I'm still learning. I'm not there yet, but I can finally see the course I'm on. The inner pain which was so searingly hot before is now the beginnings of fresh scars. Still not fully healed, still a little irritable, but no longer leaking life.

I wrote some weeks ago that I was learning to let go of my expectations. While I wrote cynically I now see that the message was not altogether wrong. The heart was, but not necessarily the message. I did have to move beyond my expectations in order that He can grow in me new ones. In order that He can grow them with the right focus. At the moment, I'm at a lack. My expectations are gone, my hopes and dreams are unfocused and rudderless. But it's ok. As I grow to make Him my hope and dream the rest of the blanks will fill in.

Recently Kris Vallotton, the founder of Bethel School of Supernatural Ministry of which I graduated, remarked that He was afraid that the message they were teaching about God's goodness had inadvertently bred alumni who felt entitled. When I first heard him voice this concern I agreed, for I saw it in myself. I no longer do. The truth is, it's not the fault of the school. They are simply teaching a truth and steering their students toward God in a way that most Western Christians have somehow overlooked in all their pursuit of knowledge and logic. It's a truth that needs to be spread. The real problem is human nature. When we find out we have a wonderful God who's not mad at us, a loving Father in heaven who cares about our desires and will always take care of us then the natural course of the fallen nature is to get spoiled. You need look no further than the upbringing of most wealthy children to know that it is true. The coinciding truth which removes that feeling of entitlement is not something which can be taught by theory but only experienced. It's not until we experience how flawed our own strength, planning, and logic is that most of us can move past that entitlement sense. Obviously some grasp these truths without struggle, but most of those that do have been humbled so much in their lives that they are already looking through the correct lens. It's easy to feel entitled when you learn that you cannot fail in God, what removes that entitlement is learning that the deeper truth is that the reason you cannot fail is because your "failures" still teach you. You "fall forward" so to speak.

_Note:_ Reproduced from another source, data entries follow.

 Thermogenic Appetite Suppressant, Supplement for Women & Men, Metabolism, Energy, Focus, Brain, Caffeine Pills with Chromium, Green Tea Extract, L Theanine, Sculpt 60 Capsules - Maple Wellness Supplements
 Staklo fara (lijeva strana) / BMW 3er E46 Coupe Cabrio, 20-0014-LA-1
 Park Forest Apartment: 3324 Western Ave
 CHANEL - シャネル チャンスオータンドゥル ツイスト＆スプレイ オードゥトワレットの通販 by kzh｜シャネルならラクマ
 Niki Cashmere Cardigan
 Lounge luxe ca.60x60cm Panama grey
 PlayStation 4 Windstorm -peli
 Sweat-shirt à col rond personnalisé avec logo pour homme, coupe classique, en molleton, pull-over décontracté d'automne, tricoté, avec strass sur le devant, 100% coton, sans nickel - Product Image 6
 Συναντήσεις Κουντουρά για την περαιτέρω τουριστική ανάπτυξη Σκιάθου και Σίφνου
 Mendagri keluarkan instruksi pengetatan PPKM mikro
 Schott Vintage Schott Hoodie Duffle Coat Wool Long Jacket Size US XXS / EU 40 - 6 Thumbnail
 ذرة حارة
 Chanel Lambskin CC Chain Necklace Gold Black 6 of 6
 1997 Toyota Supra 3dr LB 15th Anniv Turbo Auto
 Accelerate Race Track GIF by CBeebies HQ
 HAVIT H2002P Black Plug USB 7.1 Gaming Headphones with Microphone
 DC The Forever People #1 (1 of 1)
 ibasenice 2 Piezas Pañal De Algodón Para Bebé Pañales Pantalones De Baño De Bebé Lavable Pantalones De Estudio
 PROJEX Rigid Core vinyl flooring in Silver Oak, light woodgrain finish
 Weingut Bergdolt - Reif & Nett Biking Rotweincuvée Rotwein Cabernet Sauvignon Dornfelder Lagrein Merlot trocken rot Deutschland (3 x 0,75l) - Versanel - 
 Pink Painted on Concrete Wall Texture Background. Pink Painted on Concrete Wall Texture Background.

These last months have been my advanced course in these things. They have been my "hell week", the week in which athletes are pushed so hard they cannot bear it any longer, in order to shock their systems into the shape needed to hold up under the grueling long season. I've encountered, fought with, been beaten down by, and been forced to re-conquer every weakness in my life this past season. Most of the time I've hated myself during it. Thankfully He never hated me. When I drank too much and dared to listen to Him all He'd say was, "I love you, I'm proud of you." When I was distant from my family in depression He'd tell me "You're doing good, hang in there." When I screamed and cried out curse words in my hurt and despair He'd wait for me to calm down, and then I could feel the warmth of His smile on me. He is so good, and He is so loving. He has just been waiting on my process, loving me the whole time. I don't deserve it for a second, but He doesn't care. He refuses to give up on me, and He refuses to treat me any less than a redeemed son. I've gone through my "dark night of the soul" and found that the darkness was simply the dark in me being brought to my attention. He's been letting me hit bottom in order to build me back up better.

For the first time in my life I feel like I truly understand what has long been my favorite verse. I'm learning to rejoice in my weakness in order that He can make me strong.